## Extracted information

┌──

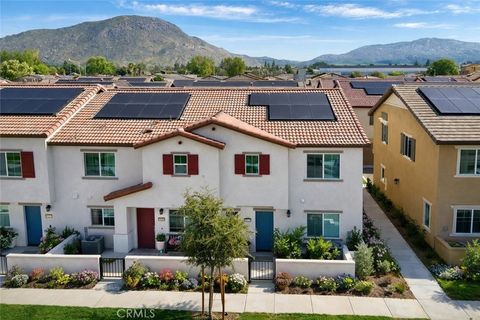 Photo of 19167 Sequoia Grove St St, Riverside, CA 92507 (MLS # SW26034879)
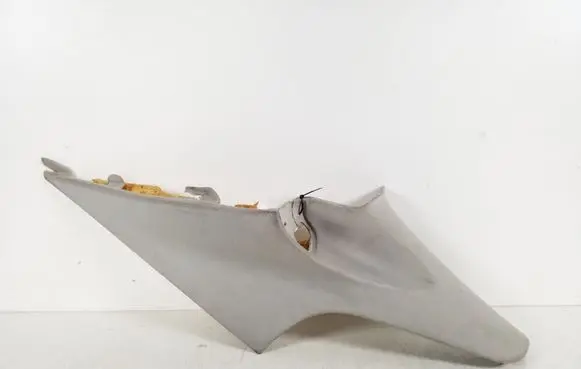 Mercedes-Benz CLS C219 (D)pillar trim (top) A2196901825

└──
┌──

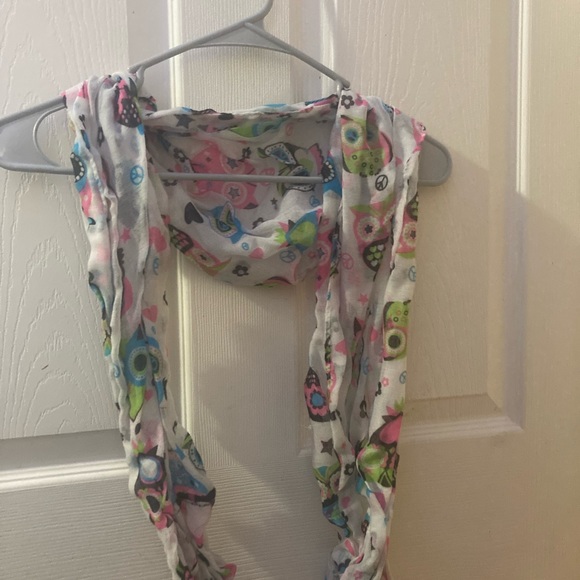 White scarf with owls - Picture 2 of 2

└──
┌──

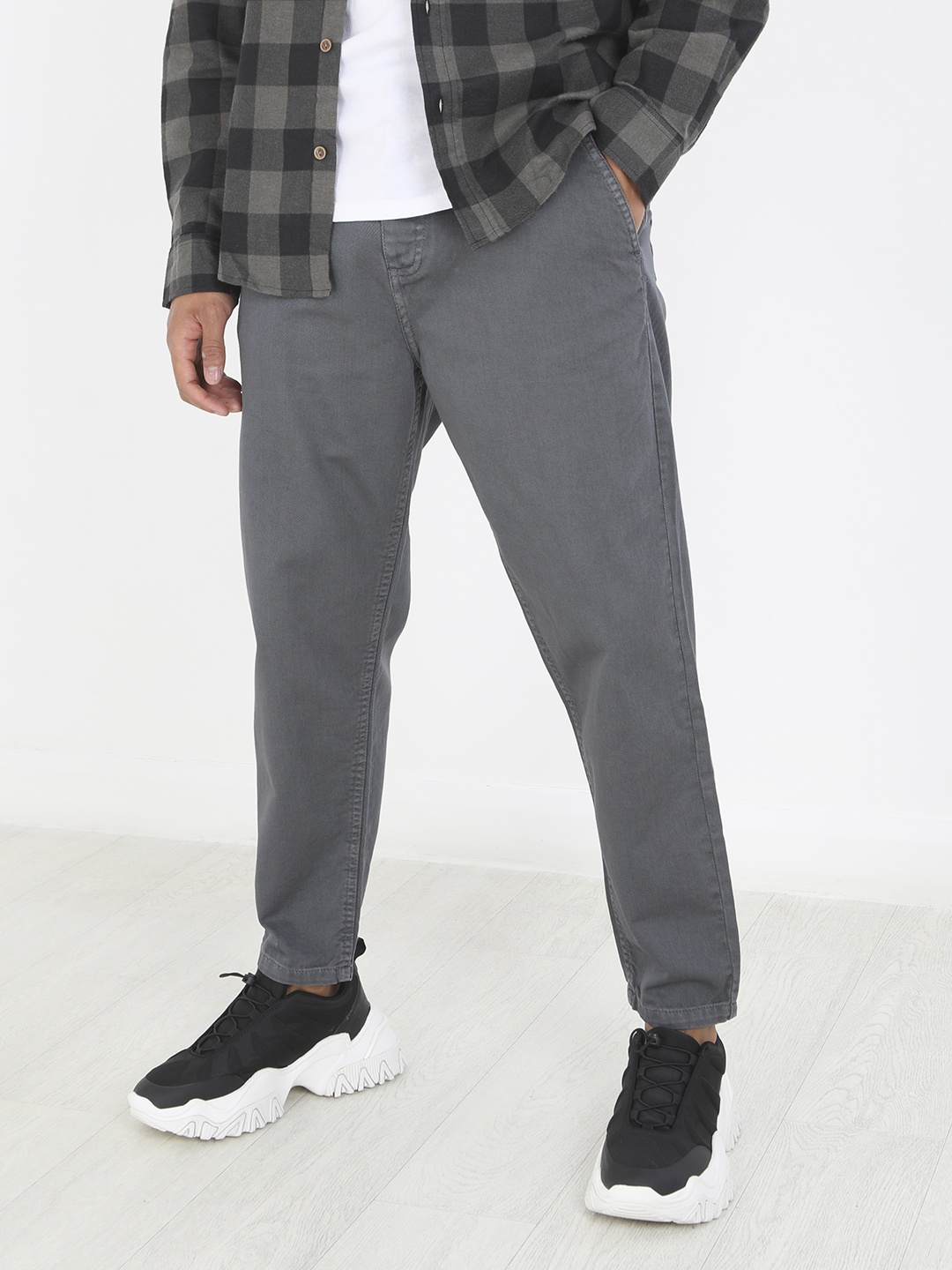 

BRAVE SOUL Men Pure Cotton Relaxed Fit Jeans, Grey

└──

## Directions
Give back, exactly and without pictures, the stretch of the records above from the line containing "Photo of 19167" through the line containing "Mercedes-Benz CLS C219", with both end lines included.

## Task response
 Photo of 19167 Sequoia Grove St St, Riverside, CA 92507 (MLS # SW26034879)
 Mercedes-Benz CLS C219 (D)pillar trim (top) A2196901825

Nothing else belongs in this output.